The Sunday winter service was withdrawn from 3rd January to 10th April 1960, and was never re-instated. From this time onwards fears grew for the future of the line and when the “Beeching Report” was published on 27th March 1963, the Bexhill West branch was one of the lines recommended for closure. On 8th June 1963 the formal proposal of closure to passengers was published, projecting a withdrawal date of 9th September 1963, if no objections were received; as it happened, goods services ceased on that date. A better service from St Leonards was promised in addition to a bus service to connect Bexhill West and Sidley stations.

With over 200 season ticket holders making regular use of the line from Bexhill West, and about 40 from Sidley, it is not surprising that they formed the basis of the opposition to the closure and quickly formed the Hastings, Bexhill & District Season Ticket Holders’ Association.

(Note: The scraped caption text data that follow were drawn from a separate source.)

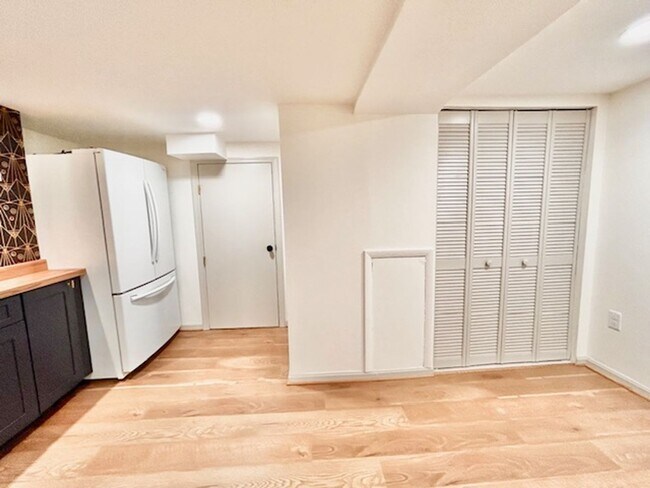 Building Photo - Beautifully renovated 4BR/3BA rambler with wraparound porch and garage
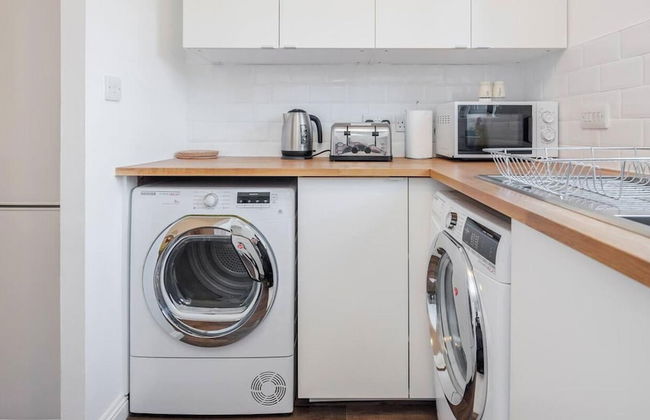 2 Bed Apartment Sleeps 5 - Wifi, Free Parking - Photo 11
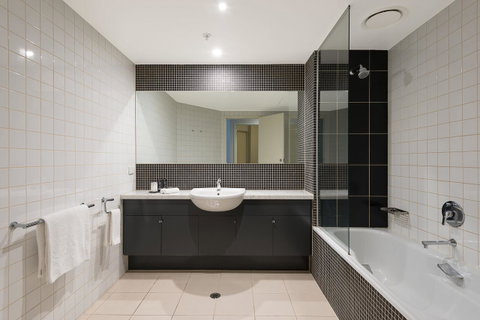 Mantra Southbank - Accommodation Newcastle 35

An inquiry was soon held by the Transport Users’ Consultative Committee for the South Eastern Area at Bexhill Town Hall, where a petition of 1,000 names was handed in. With a warning of hardship, which would cost regular travellers at least five extra hours per week in travel, there was a delay in effecting closure, but. on 22nd April 1964. Ernest Marples, Secretary of State for Transport, upheld the decision to close the line with a new closure date of 14th June 1964.

The last train from Bexhill West to Crowhurst was packed when it left at 10.20 pm on Sunday 13th June; two passengers on the last train had actually made the first journey in 1902.

After the line closed there were several attempts to have it re-opened, but all to no avail. The track was lifted in 1965 and that also included the bays and fast through tracks at Crowhurst. The bridge, which crossed over Little Common and Down roads, was demolished in 1967 and, then, in May 1969, with great publicity, Crowhurst Viaduct was dramatically blown up, with a large crowd gathering on the Crowhurst marshes to witness the event.

Some of the route can be walked at the north end of the branch. In 2009 East Sussex County Council proposed building a new link road between Bexhill and Hastings, which would form a 3½ mile road from its junction with the A259, in Bexhill, to a junction with the B2092, Queensway in Hastings. Part of the proposed route would use the trackbed of the Bexhill branch from a point just north of the Glover’s Farm overbridge, through the station site at Sidley to a junction with the A259 (King Offa Way). Despite a vigorous campaign to stop the road, which has been described by many people as the “road to nowhere”, work on it started in January 2013, and the Department for Transport announced final funding approval in April 2013.

Between the A259 and the Bexhill West terminus, the trackbed is occupied by the aptly named Beeching Road Industrial Estate. Another section of the trackbed, between Sidley and Crowhurst, is likely to be lost due to the building of the Combe Valley (formerly Pebsham) Countryside Park.